▶ _Collected data entries_:
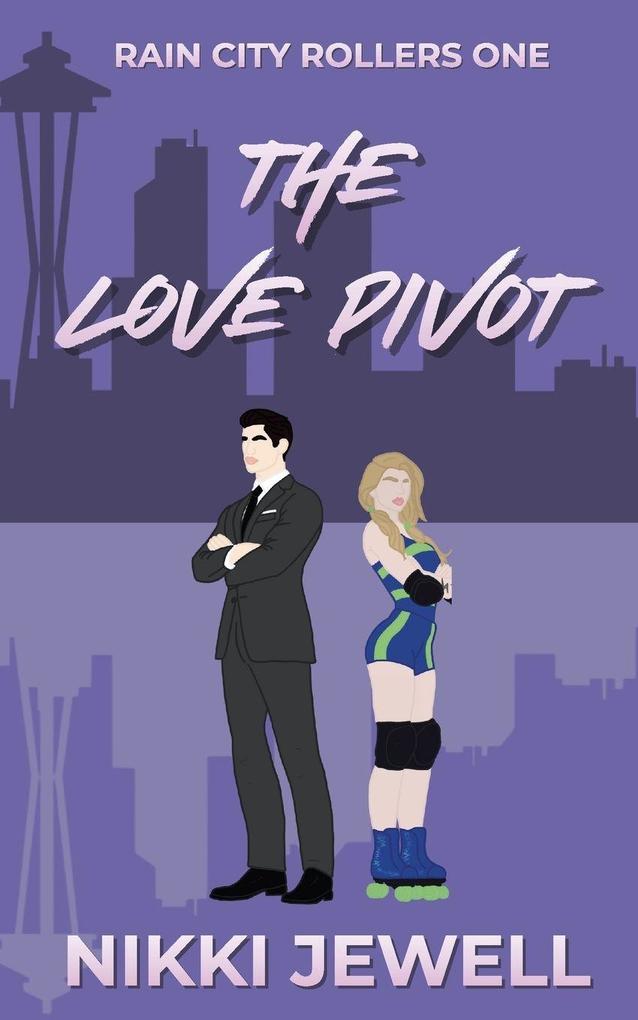The Love Pivot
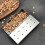 Smoker Box Per Bbq In Con Legno Portatile 3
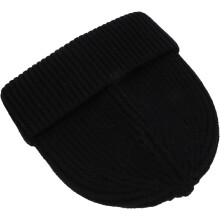 Chapéu de malha de cúpula Chapéu quente para o inverno Outono Atividades ao ar livre Design de chapéu de bola Estilo redondo da moda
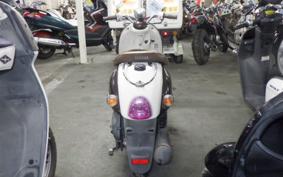 YAMAHA VINO 50 SA37J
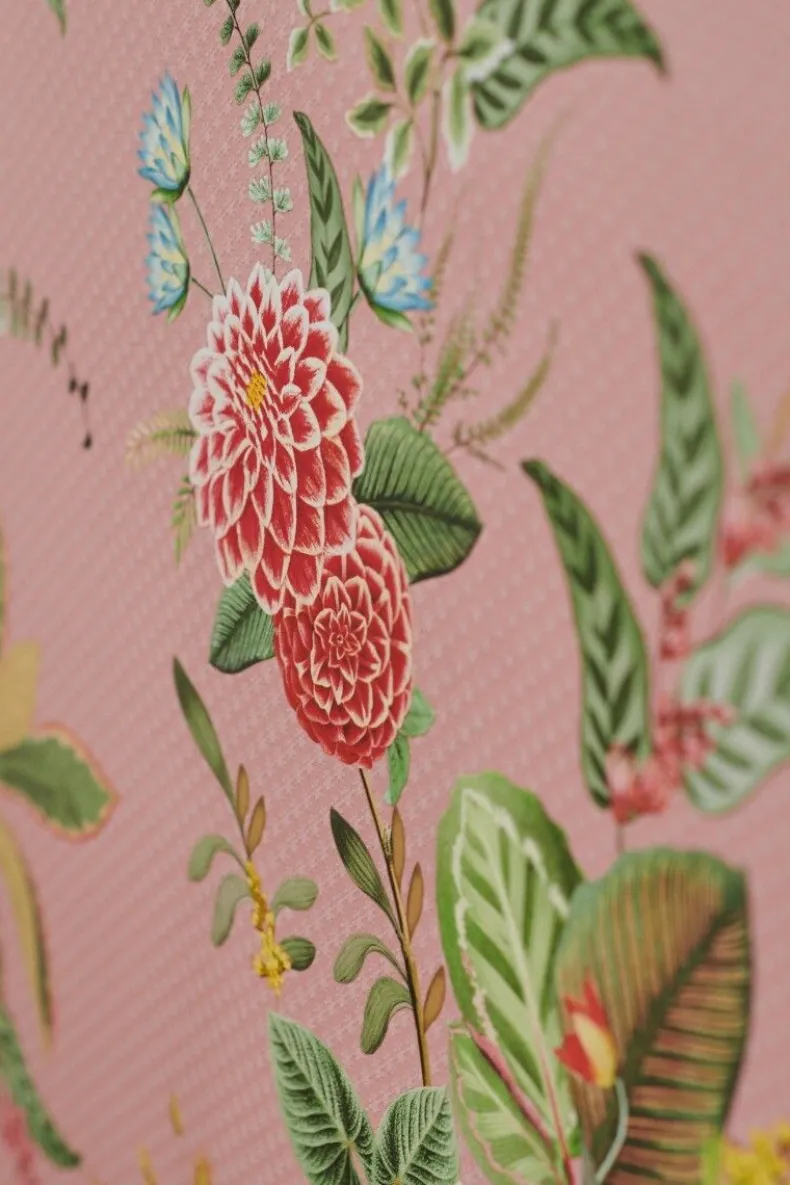 Pip Studio Floris Vliesbehang
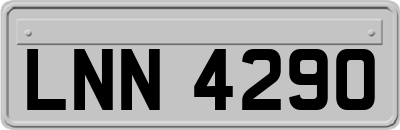LNN4290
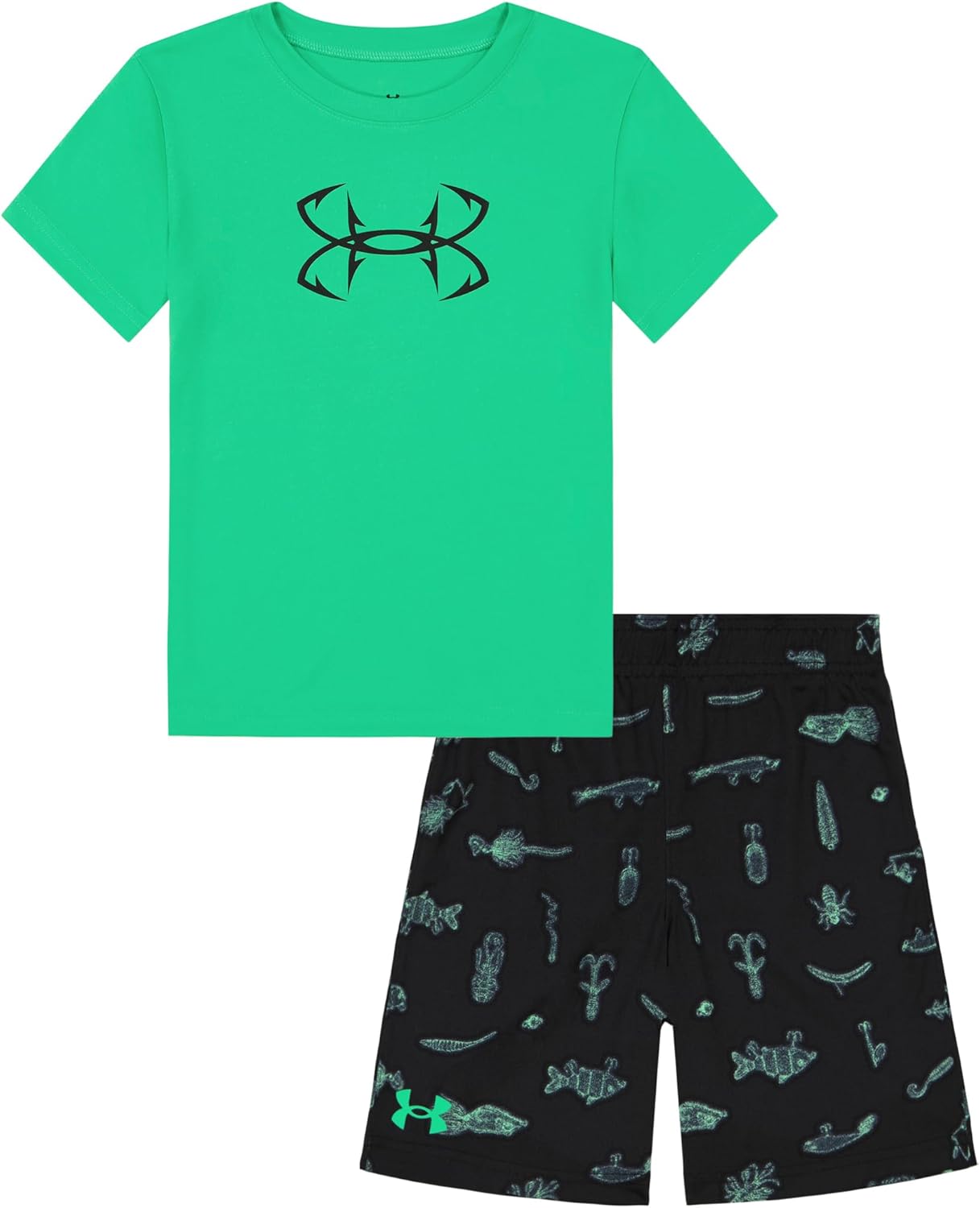 シカルナ工房 CUBE イリス 京都決戦ver. 台座付 炎上カラー 最終値下げ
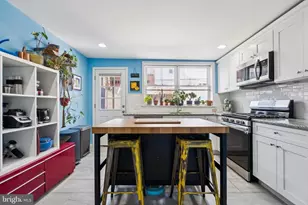 2318 S Percy St, Philadelphia, PA 19148 - Photo 12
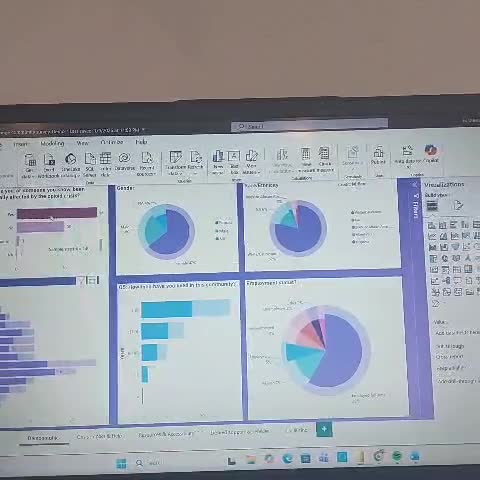help you collect, clean, enter, and analyze your data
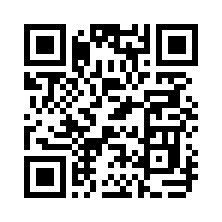 QR Code for 161CVmUc2obF6kaVvgU48wCjyoCFGvormc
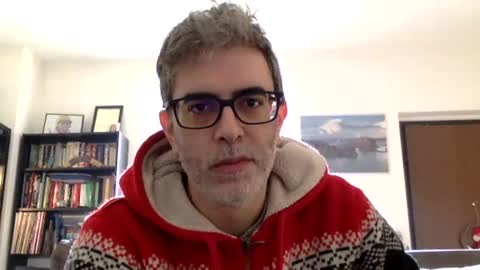 oggs48 online show from 02.05.25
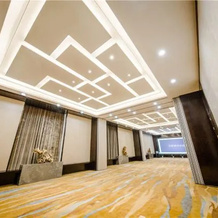 Huawise Hotel, Чжэнчжоу — фото 3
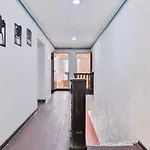 Hostpal Hostal Roma 185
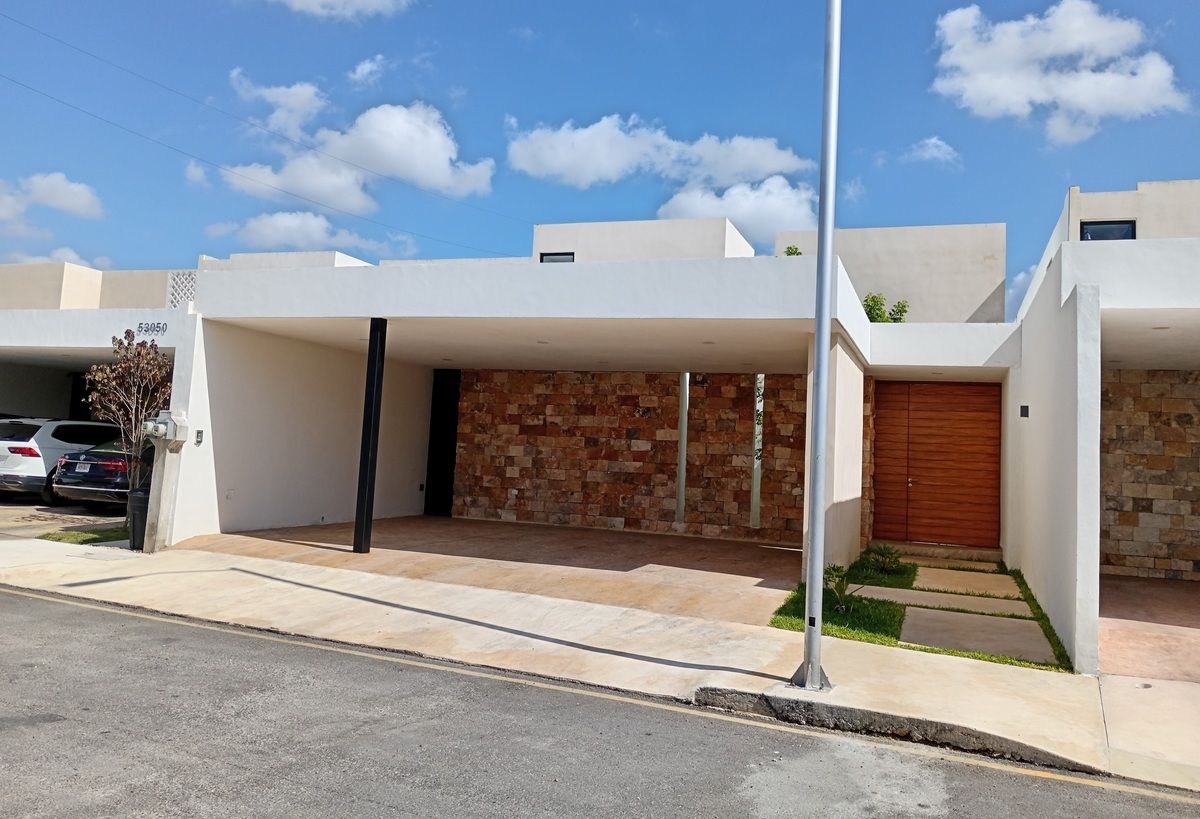 1 de 32
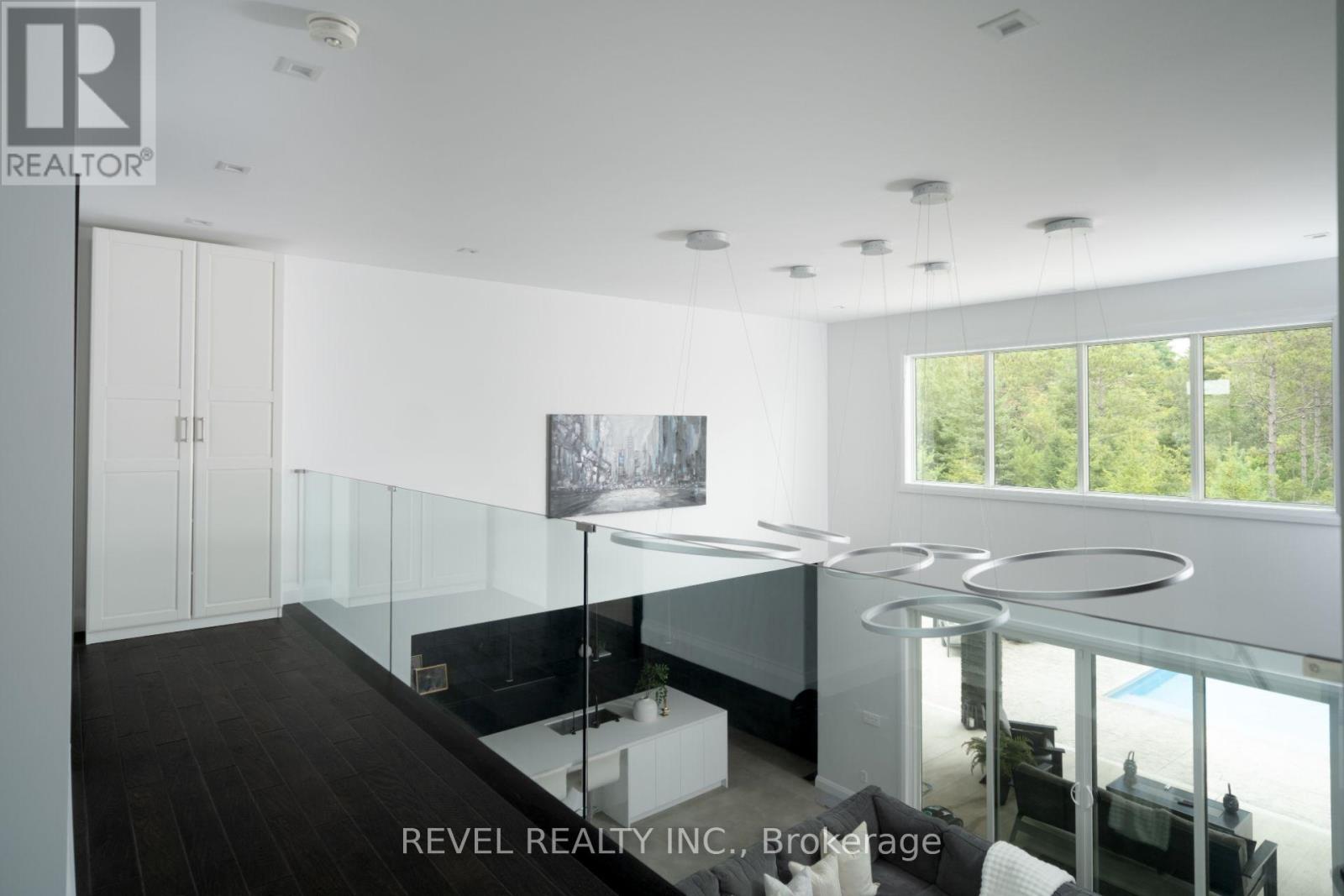 7737 Wellington Rd 34, Puslinch, Ontario  N0B 2J0 - Photo 19 - X13741234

▶ _Requirement_: Above are the records; repeat their lines from the first through the line containing "2318 S Percy", and leave out each picture.

▶ _Result for this exercise_:
The Love Pivot
 Smoker Box Per Bbq In Con Legno Portatile 3
 Chapéu de malha de cúpula Chapéu quente para o inverno Outono Atividades ao ar livre Design de chapéu de bola Estilo redondo da moda
 YAMAHA VINO 50 SA37J
 Pip Studio Floris Vliesbehang
LNN4290
 シカルナ工房 CUBE イリス 京都決戦ver. 台座付 炎上カラー 最終値下げ
 2318 S Percy St, Philadelphia, PA 19148 - Photo 12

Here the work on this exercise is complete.